QuChemPedIA@home

QuChemPedIA@home
Project
Status	Completed
Category	Chemistry / Computational chemistry
Compute	CPU
Requires	VirtualBox (Windows, macOS); native (Linux)
Development
Developer	Benoit Da Mota, Thomas Cauchy
Author	Benoit Da Mota, Thomas Cauchy
Sponsor	University of Angers
Maintainer	Benoit Da Mota (LERIA)
Initial release	July 1, 2019 (7 years ago)
Completed	September 29, 2022 (4 years ago)
Software
Written in	Python, Shell (wrapper); NWChem (computation)
Operating system	Windows, Linux, macOS
Metadata
Website	https://quchempedia.univ-angers.fr/athome/

QuChemPedIA@home (short for Quantum Chemistry Collaborative EncyclopedIA, with a nod to Intelligence Artificielle) was a volunteer computing project running on the BOINC platform, hosted at the University of Angers in France. Active from October 2019 to April 2023, the project recruited volunteers worldwide to donate idle CPU time to run density functional theory (DFT) quantum chemistry calculations on small organic molecules. Its ultimate goal was to build an open encyclopedia of quantum molecular chemistry results and to fuel artificial intelligence research aimed at drug discovery, materials science, and energy applications.

Background and motivation

Quantum chemistry has become nearly indispensable in modern chemical research. By solving approximations to the Schrödinger equation for electrons in a molecule, researchers can predict properties such as total energy, molecular geometry, and frontier orbital energies (the HOMO and LUMO) without ever needing to synthesize the compound in a laboratory. Despite the importance of these calculations, the researchers behind QuChemPedIA@home observed that the raw data produced by such computations was almost never shared openly: files were kept in local lab storage or simply discarded after a paper was published.^[1]

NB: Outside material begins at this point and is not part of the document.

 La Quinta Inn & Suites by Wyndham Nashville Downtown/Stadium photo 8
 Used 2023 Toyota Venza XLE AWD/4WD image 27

At the same time, the field of machine learning was producing models capable of predicting molecular properties at a fraction of the cost of a full quantum chemical calculation, but only when trained on large, diverse, high-quality datasets. The bottleneck was computing power: generating hundreds of thousands of DFT-level results for novel molecules could require years on a typical academic cluster. QuChemPedIA@home addressed both problems at once by building a large, freely available dataset of quantum chemical results with the help of volunteer computing.^[1]

The name is a portmanteau of quantum chemistry, encyclopedia, and the French phrase intelligence artificielle (artificial intelligence), reflecting the project's dual mission of archiving and enabling AI-driven molecular exploration.^[2]

Research team

The project was founded and operated by two researchers at the University of Angers:

Benoit Da Mota, an assistant professor of computer science at the LERIA laboratory (Laboratoire d'Etude et de Recherche en Informatique d'Angers), who handled the BOINC infrastructure, input generation, and AI/optimization aspects of the work.^[3]
Thomas Cauchy, an assistant professor of chemistry at the MOLTECH-Anjou laboratory (UMR CNRS 6200), who oversaw the computational chemistry and molecular generation aspects.^[3]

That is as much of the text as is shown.